In most recipes, the ribs are steamed from the raw state but I think you may find, as do I, that the dish is much improved if you brown the ribs very slightly before hand. To do this, cut the ribs cross-wise into sections and then deep-fry them in hot oil for four or five minutes or so. You don’t want to cook them through at all, just make sure that there is no visible pink in the meat and that there are a few patches of a light golden brown here and there. Once this is done, drain the ribs and blot them with a paper towel to remove any remaining oil. After that, toss them with a tablespoon each of sugar and soy sauce and a pinch of salt, then let them cool.
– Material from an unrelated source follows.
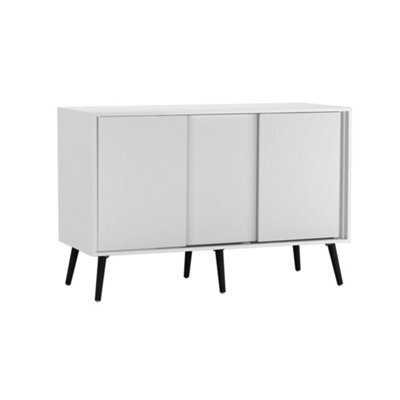 Urbn-Living Urbnliving 3-Door Sliding Cabinet Sideboard White Carcass With White Doors Storage Organiser Home Cupboard Black Wooden Legs - image 1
At this point you can proceed on with the rest of the recipe right away or let them sit for a while. For this experiment, I actually rested them in the refrigerator overnight.
In addition to the pre-browned ribs you see in the above picture, the ingredients are as follows:
- 2-3 tablespoons of flour;
- 1 heaped tablespoon of sugar;
- 1-2 tablespoons chopped garlic;
- 1 ½ tablespoons of salted black beans;
- 1 tablespoon chopped red chili; and,
- 6 tablespoons rice wine.
First, put the ribs in a large bowl. Add the flour a tablespoon at a time and mix well, working the flour into the ribs with your hands. Keep doing this until the ribs are completely coated and will take no more flour. If there is more than a scant tablespoon of flour left loose in the bowl then discard the excess.
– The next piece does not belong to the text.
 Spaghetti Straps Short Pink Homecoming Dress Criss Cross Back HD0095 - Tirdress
Next, put the beans, sugar and about half the rice wine into a smaller bowl and mash the beans. Do not over mash them. You don’t want a puree, rather there should be plenty of chunks and even a few whole beans left. Pour this in with the ribs and mix well., then do the same with the garlic and the chili.
For dim sum, you will probably want to put three or four ribs each in several little dishes but I was just doing a light meal for my wife and I so I arranged them all in a single dish and sprinkled over the remaining rice wine. Once this is done, put the dish, or dishes in whatever you are using for a steamer (I used a bamboo steamer over a pot of water) and keep the water at a lightly bubbling low boil. Steam the ribs for 30 – 45 minutes.
These turned out very nicely. They were a little richer than they usually are in dim sum restaurants but the rice wine really cuts the heaviness of the pork fat in a nice way.